Summary
Code generators can automatically implement certain types of functionality, saving time and eliminating the possibility of certain classes of bugs.
Although they have much to recommend them, code generators also have a cost that should be considered carefully before incorporating them into your project.
Favor generators that allow a clear separation between generated and non-generated functionality, but make sure you understand the trade-offs you are making before including any generator into your project.
Details
Code generators can be grouped into three general types:
- Boilerplate generators
- Compile time annotation processors
- Runtime generators/frameworks
Boilerplate Generators
Boilerplate generators are the simplest form of code generation. They can be further split into :
- Generators that insert code into existing classes (e.g. methods auto generated by an IDE).
- Generators that produce scaffolding that is checked into version control and modified.
- Generators that produce new classes from a model. The generated code is not normally checked into version control.
We recommend that the first type are using sparingly, if at all. This is discussed further in "Know How to Implement Hashcode and Equals".
Generating code from a model (such as a schema or grammar) can be a useful approach as long as the generated code is not modified and is packaged separately. If generated and non-generated code are packaged within the same module then this can start to cause friction (see below).
Compile Time Annotation Processors
JSR 269 introduced a standard framework for processing annotations at build time. Several tools exist that use JSR 269 to generate code.
Most use the annotated classes purely as input, from which new classes are generated. Often, the new classes extend or implement the annotated class or interface but remain separate. These are really just a subset of model based boilerplate generators where the model input model is annotated Java classes.
Some (such as project Lombok) update the annotated classes themselves, adding additional behavior. This is likely to increase both surprise and friction which are discussed below.
Downsides
There are clearly a lot of upsides to code generators, so why wouldn't they always make sense?
The main issues they cause are surprise and friction.
Surprise
If you generate code at compile or runtime the you are no longer programming in Java.
You are programming in an augmented Java that does things that developers maintaining the code may not be aware of.
It may do things that they do not expect.
It may break fundamental assumptions that programmers have about what can or cannot happen within their code.
Runtime generators will usually generate more surprise than compile time systems - they add an element of magic that breaks the usual Java rules. Runtime generators also often weaken type safety, moving classes of problem a developer would normally expect to occur at compile time to runtime.
The first time a developer encounters a code generator in a project, everything it does will be surprising.
After a period of learning, most of the surprise should go away but each developer will need to go through this learning period. The learning involved can be significant - gaining a complete understanding of framework such as Spring is, for example, a significant effort.
The most worrying problem is when there is still some surprise left after the initial learning period.
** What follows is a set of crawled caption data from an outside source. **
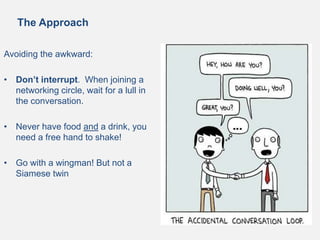 The Approach
Avoiding the awkward:
• Don’t interrupt. When joining a
networking circle, wait for a lull in
the conversation.
• Never have food and a drink, you
need a free hand to shake!
• Go with a wingman! But not a
Siamese twin
 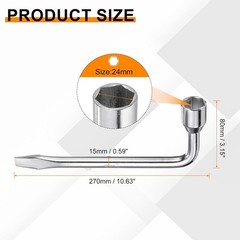 Car Spare Tire Lug Wrench 24mm Carbon Steel l Type Slotted End Hexa Size: 24mm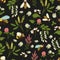 Vector seamless pattern of wild flowers, bees and bumblebees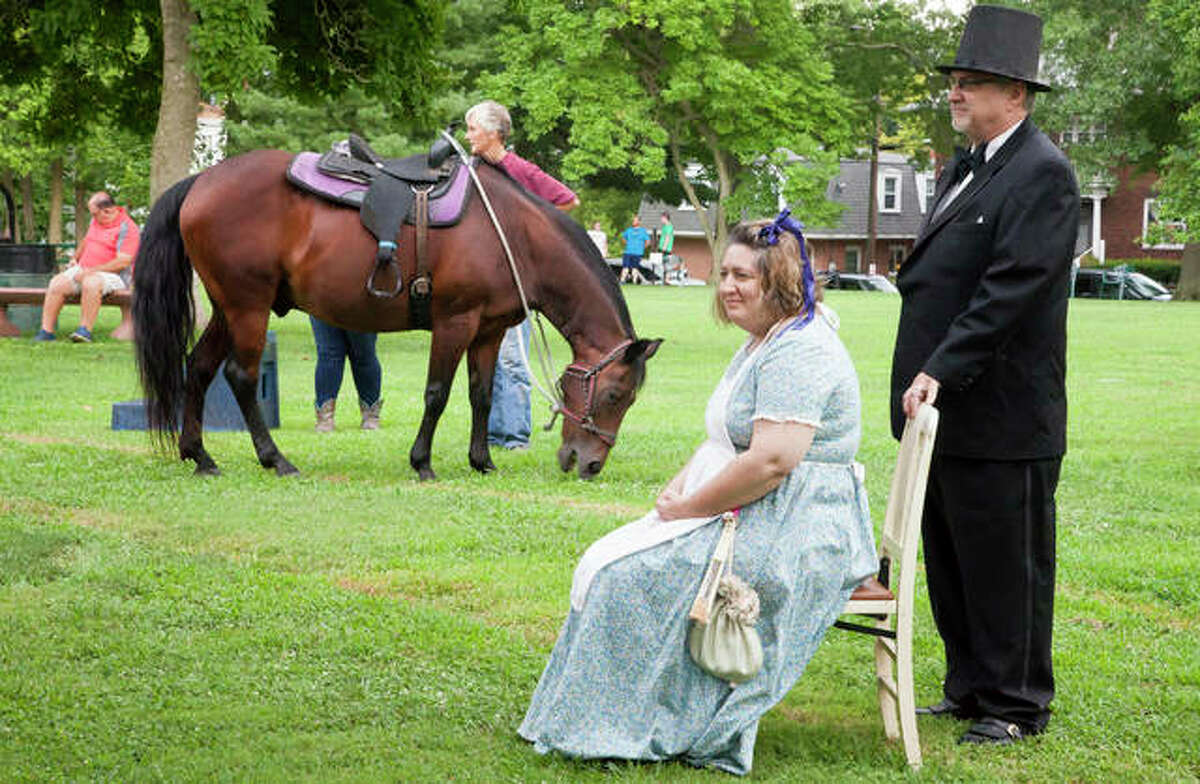 Re-enactors and horseback rides were a part of the nostalgia and festivities at the 17th Annual Lucy Haskell Birthday Party Monday in Alton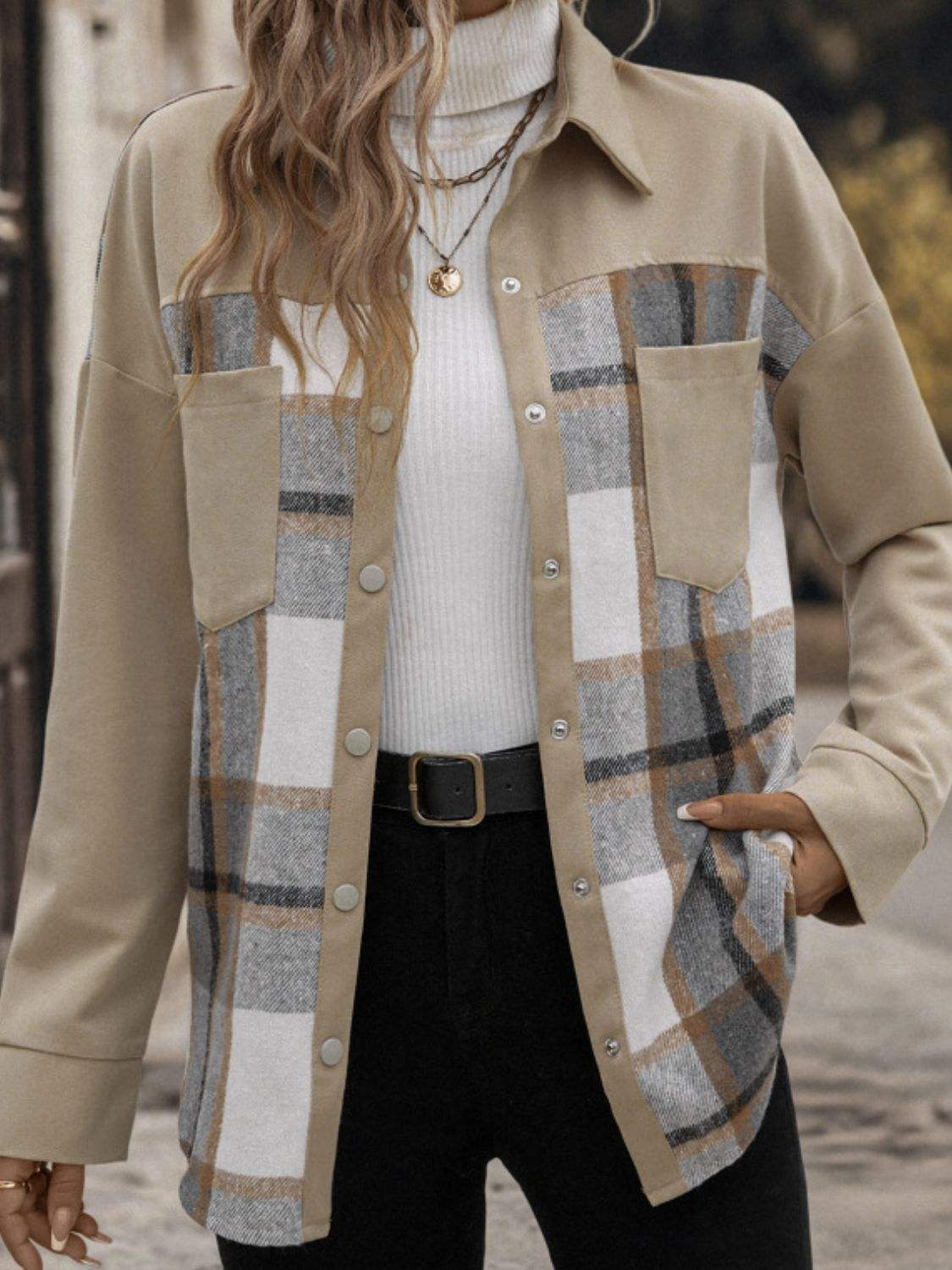 Perfee Plaid Snap Down Long Sleeve Shacket - Trendsi - Flyclothing LLC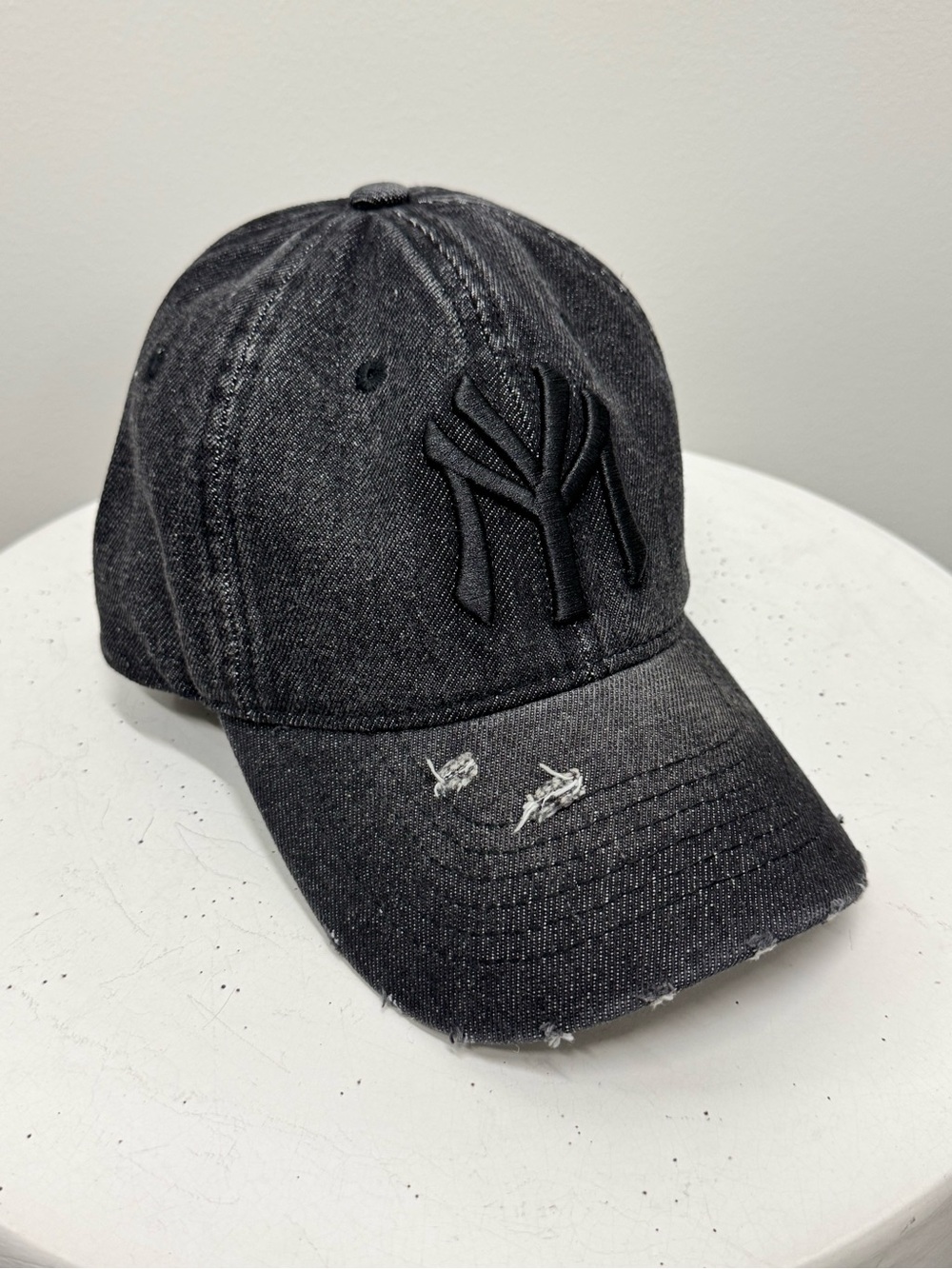 NY Yankee’s Black Distressed Denim Baseball Cap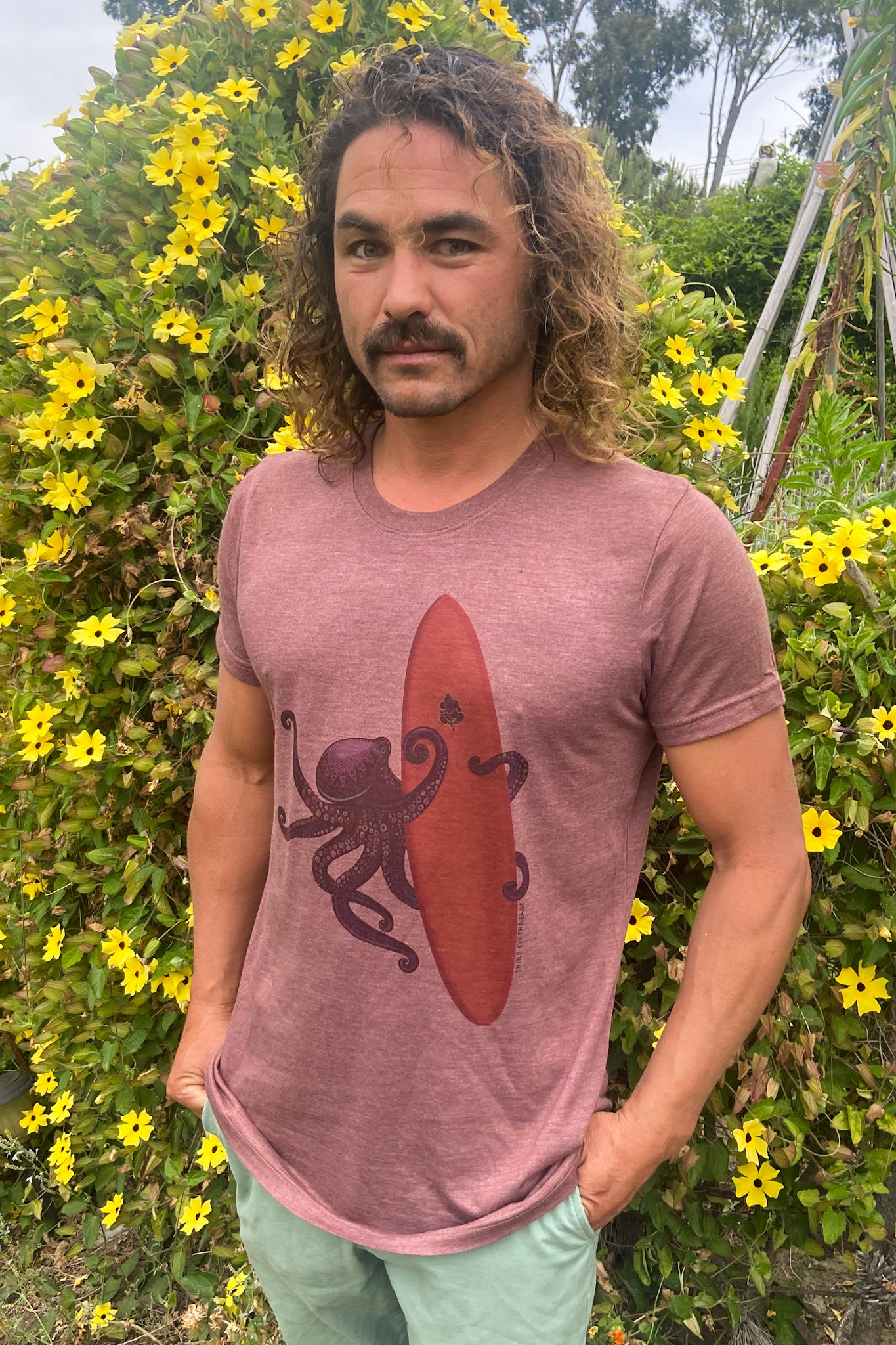 Kauai Inspired Surfing Octopus Crew Neck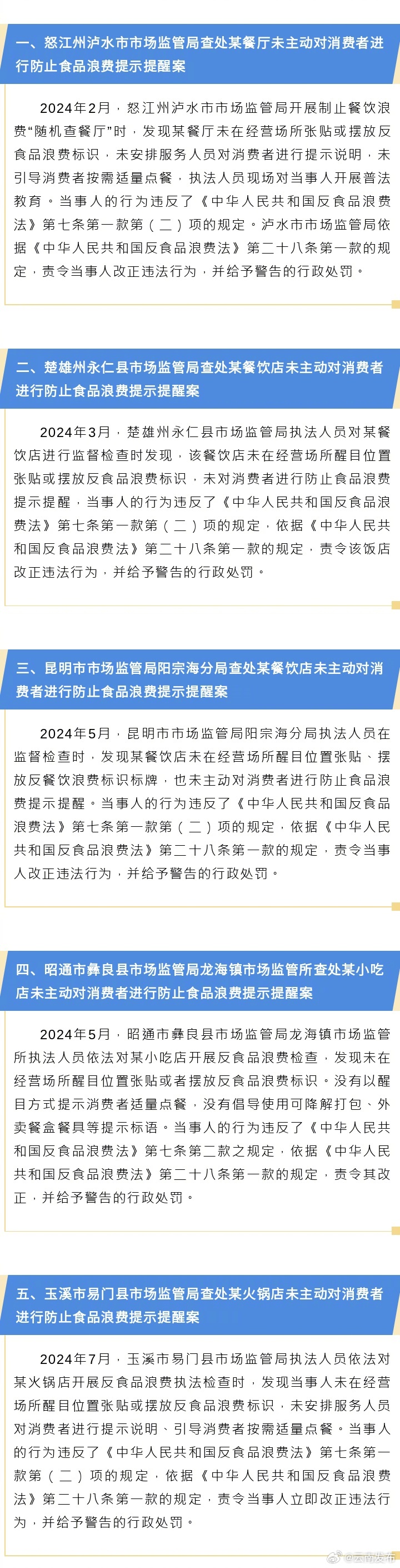 云南公布一批制止餐饮浪费典型案例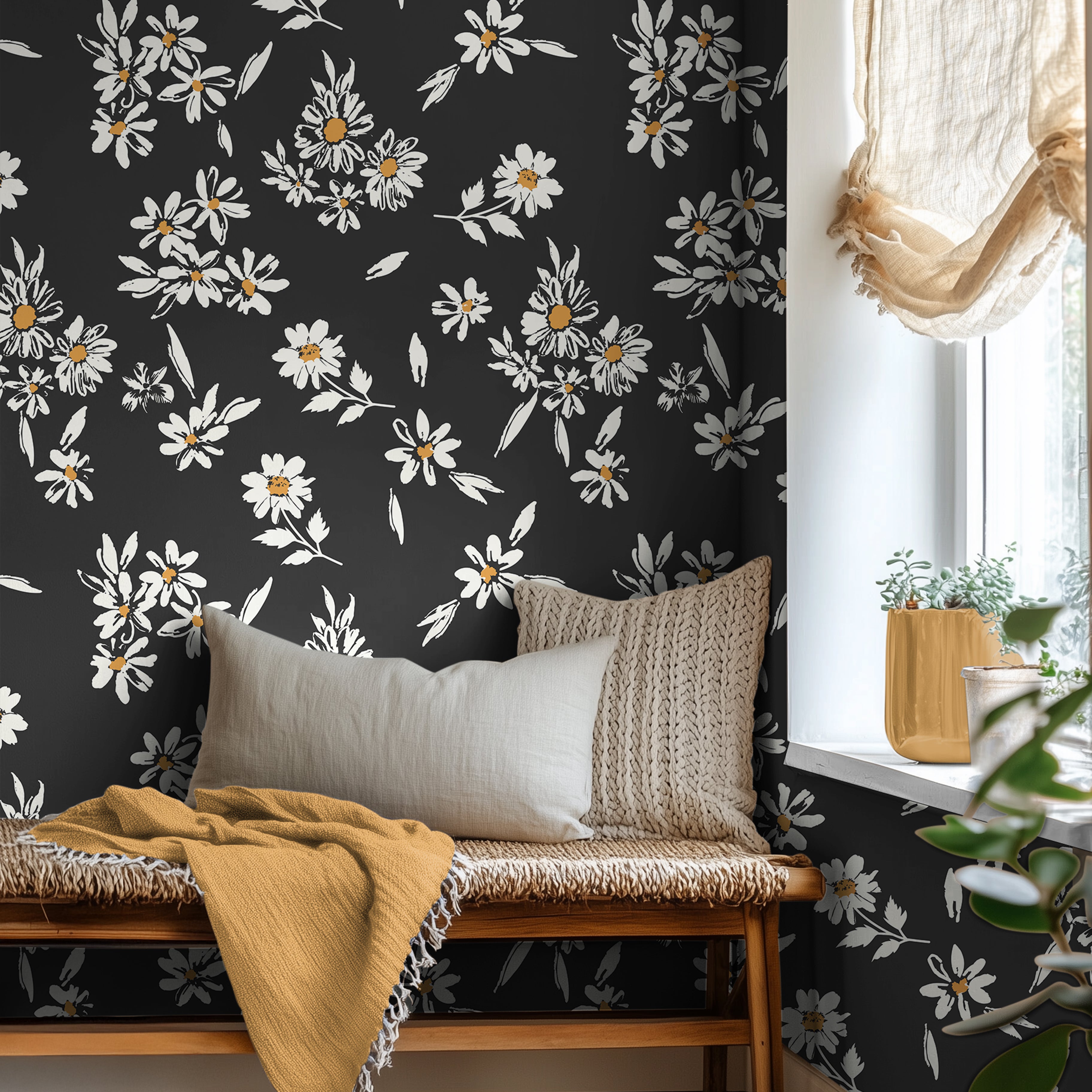 Black and white florals with yellow accents in bright interior reading nook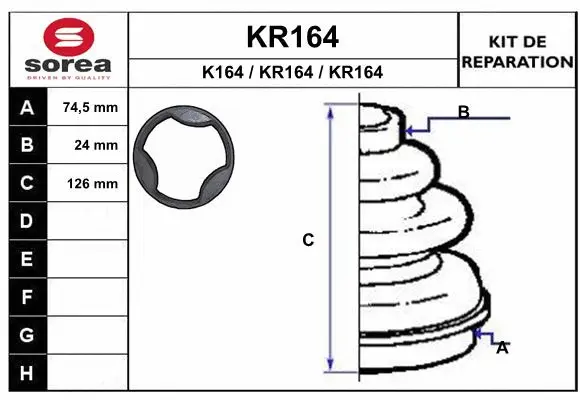 Bellow Kit, drive shaft (KR164)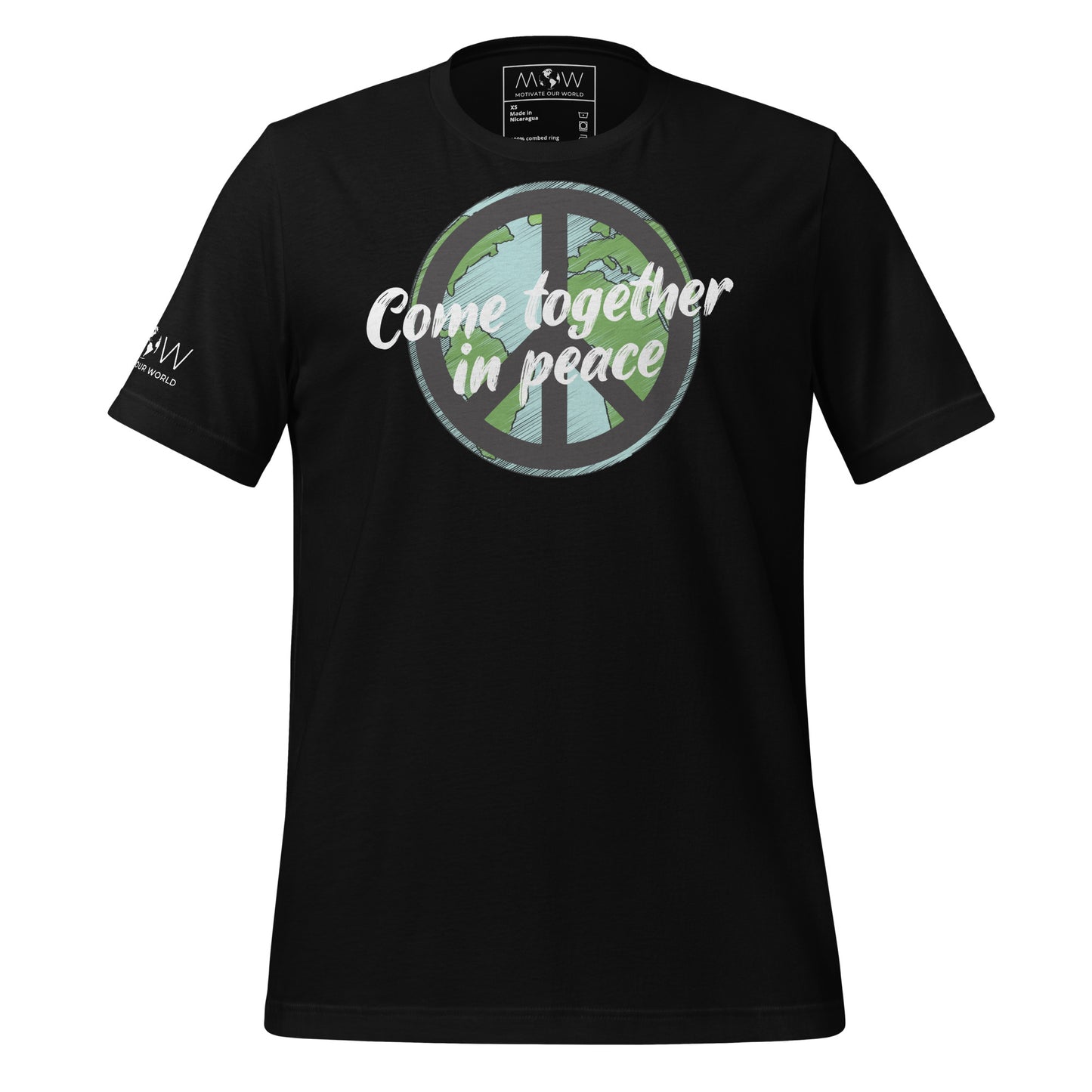 Together in Peace Men's Motivational Black T-Shirt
If you find yourself asking the question "could this be because of the code generator?" when something unexpected happens with your system, and having to eliminate that possibility each time, then you have introduced a very real cost into your project.
Friction
Code using compile-time generators will not import cleanly into IDEs unless the IDE understands how to run the generator. Even when the system is supported by an IDE it may require plugins to be installed, configuration options to be set etc.
The amount of friction, and how often it is encountered, will depend on the IDE and the quality of the support. There may be little friction and it may only be encountered when a new developer joins a project. Or it may be considerable and triggered each time code is cleaned.
The most effective way to reduce the friction is to package the generated code separately from the code that depends upon it. The generated code then becomes a normal binary dependency and the fact that it is automated becomes an internal implementation detail.
While this works well, it may also have a downside. It may create artificial modules. If the code was not auto-generated, would it have made sense to package it as a separate module?
Runtime generators do not usually introduce much friction, although sometimes issues might be experienced if javaagents are not present when running tests from the IDE.
The Trade-off
So those are the issues.
Surprise and friction sound like minor concerns compared to the promise of functionality for free, but their impact can be significant.
Whether or not it makes sense to introduce a code generator often depends on how much it will be used. If there is a large amount of functionality that can be auto-generated then it probably makes sense, if the amount is relatively small it may be best to stick with vanilla Java.